ギルド冒険譚:ダークエルフとの全面衝突

「ドラゴン族だと!?あの時に呪いをかけたはずだが......まさか呪いが解かれたのか!?」


 ダークエルフがヴァリアントを見て動きが止まっている。ドラゴン族には相当強い呪いをかけたのだろう。その呪いが解かれるとは思ってもいなかった様子だ。
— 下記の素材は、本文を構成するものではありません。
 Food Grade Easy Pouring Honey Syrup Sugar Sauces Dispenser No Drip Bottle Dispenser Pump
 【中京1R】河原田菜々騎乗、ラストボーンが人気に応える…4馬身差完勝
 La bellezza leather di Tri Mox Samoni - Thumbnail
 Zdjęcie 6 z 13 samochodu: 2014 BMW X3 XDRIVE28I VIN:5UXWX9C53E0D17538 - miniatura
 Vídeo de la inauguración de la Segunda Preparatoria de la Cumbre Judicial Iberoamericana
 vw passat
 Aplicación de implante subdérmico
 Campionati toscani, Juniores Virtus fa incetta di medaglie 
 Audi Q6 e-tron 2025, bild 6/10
「呪いを解けた今、お前達に復讐しにやってきた!くらえ!」


 ヴァリアントの巨大な口から猛烈な炎が吹き出た。その灼熱のブレスは一瞬にして周囲を焼き尽くすような熱さを放っていた。ダークエルフ達は魔法のバリアを展開し、炎は一瞬その壁によって遮られたが、その輝くバリアは次第に熱で変形し、割れ目が生じた。ダメージは大きくなかったが、バリアが完全には耐え切れず、ダークエルフ達はダメージをおった。


「くそ、流石に決めきれんか」


 ヴァリアントは次の攻撃の準備をした。ダークエルフも応戦する。ヴァリアントの黒い鱗が太陽の光を反射し、彼の翼が空気を切り裂く音が木々の間に響く中、ダークエルフは巧みな足捌きでヴァリアントの攻撃をかわし続けていた。


「ドラゴンよ、お前にこの戦いに勝ちはない!」


 ダークエルフが鋭く叫びながら、彼の手に握られた矢を一気に放った。しかし、ヴァリアントは素早く翼を広げ、その俊敏な動きで空中を舞いながら矢を回避した。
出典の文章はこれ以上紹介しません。